In Gran Bretagna cambia tutto, ma non cambia niente. Questo è il destino delle democrazie bipartitiche dove per necessità di cose i due contendenti si riversano  al centro esprimendo minime differenze e questo è tanto più evidente in Paesi dove questo sistema elettorale è praticamente identico da secoli perché le esigenze imperiali prevalevano su quelle dell’espressione di volontà popolare.  È per quello che molti analisti parlano di Uniparty. Infatti andando a vedere i numeri di queste ultime elezioni britanniche,  almeno quelli disponibili al momento, ci si accorge che i laburisti hanno vinto, ma in misura inferiore a quanto accadde con Jeremy Corbyn che riuscì a ottenere nel 2017 il 40 per cento dei voti contro il 36 per cento di Starmer ieri. E se è per quello i conservatori hanno avuto una sconfitta meno netta di quella del 1997 contro Tony Blair.

Corbyn peraltro era un leader molto più radicale di quello salottiero di oggi, eppure cosa è cambiato in Gran Bretagna da allora? Praticamente nulla. Cosa cambierà da ora in poi? Un altrettanto nulla. I laburisti abbandoneranno la politica di Net Zero che consuma come in una fornace i soldi che servirebbero per rendere meno dura la vita ai ceti popolari? Di certo no. Abbandoneranno il tono aggressivo e guerrafondaio che il Regno Unito ha perseguito fino ad ora in qualità di cagnolino degli Usa? Non credo proprio. Modereranno le spinte incongrue verso le ipocrisie anti identitarie, riuscendo a ripescare  in qualche incunabolo della mente la consapevolezza che l’internazionalismo non è una forma di volgare cosmopolitismo? Ridaranno la piena libertà di parola ai cittadini? Ho fortissimi dubbi, magari saranno un po’ meglio dell’improvvisato Sunak, un po’ meno stupidi di Theresa May e Boris Johnson, ma in una nazione importante solo per gli accrocchi finanziari della City chiunque sia al governo continuerà  a seguire i dettami dei poteri finanziari.

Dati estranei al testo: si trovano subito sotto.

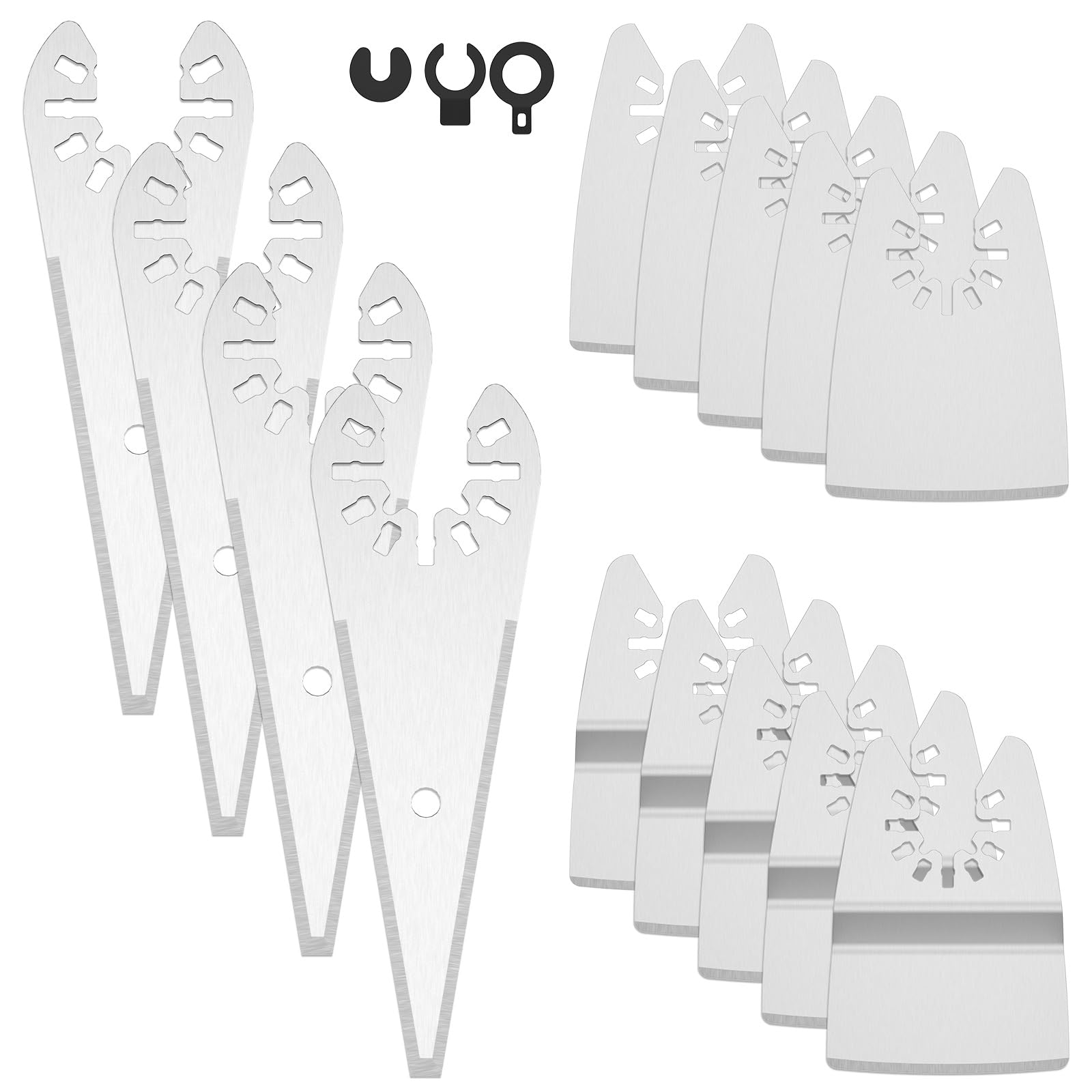 Deuson 14-Piece Oscillating Multi-Tool Blade Set - Stainless Steel Straight, Curved & Rigid Blades with Carbon Steel, Tapered Scraper & Adapters for Paint Mortar Removal - Perfect for DIY Home Renovation, Woodworking & Tile Work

Spero ovviamente di sbagliarmi, ma temo che nonostante la vittoria di Starmer, il managerialismo tecnocratico (o “capitalismo degli azionisti”, come lo chiama Klaus Schwab ) continuerà a dominare la scena e anzi riceverà addirittura un’ ulteriore spinta in avanti.  Rachel Reeves che è stata il cancelliere ombra dello Scacchiere e che diventerà tra poco il cancelliere vero, dunque personaggio eminente del Labour, propone di dare a una struttura tecnica come l’Office for Budget Responsibility un ruolo più importante nell’approvazione delle politiche fiscali. Temo in sostanza che bisognerà attendere ancora 5 anni e il fallimento di tutte le politiche imposte per salvare il neoliberismo dal fallimento con gigantesche immissioni di denaro nominale nelle tasche dei centri di potere (non certo in quelle dei cittadini), per poter vedere qualcosa di nuovo, ovvero l’esplosione del cosiddetto populismo, nome scioccamente offensivo, inventato solo al fine di demonizzare  la ripoliticizzazione di questioni che si ritengono  troppo importanti per essere lasciate alla scelta democratica.

Dunque alla fine la cosa che davvero segna il cambiamento dei tempi nel freezer politico britannico, è l’emergere del Muslim Vote, con candidati pro-palestinesi che hanno strappato parecchi consensi ai laburisti  almeno alla luce dei risultati che si hanno. Questo è il primo germe di reale contraddizione all’interno di un sistema politico ingessato. In altre parole sarà il declino dell’Occidente a ridare il via all’ideazione politica. In Gran Bretagna come in molti altri luoghi.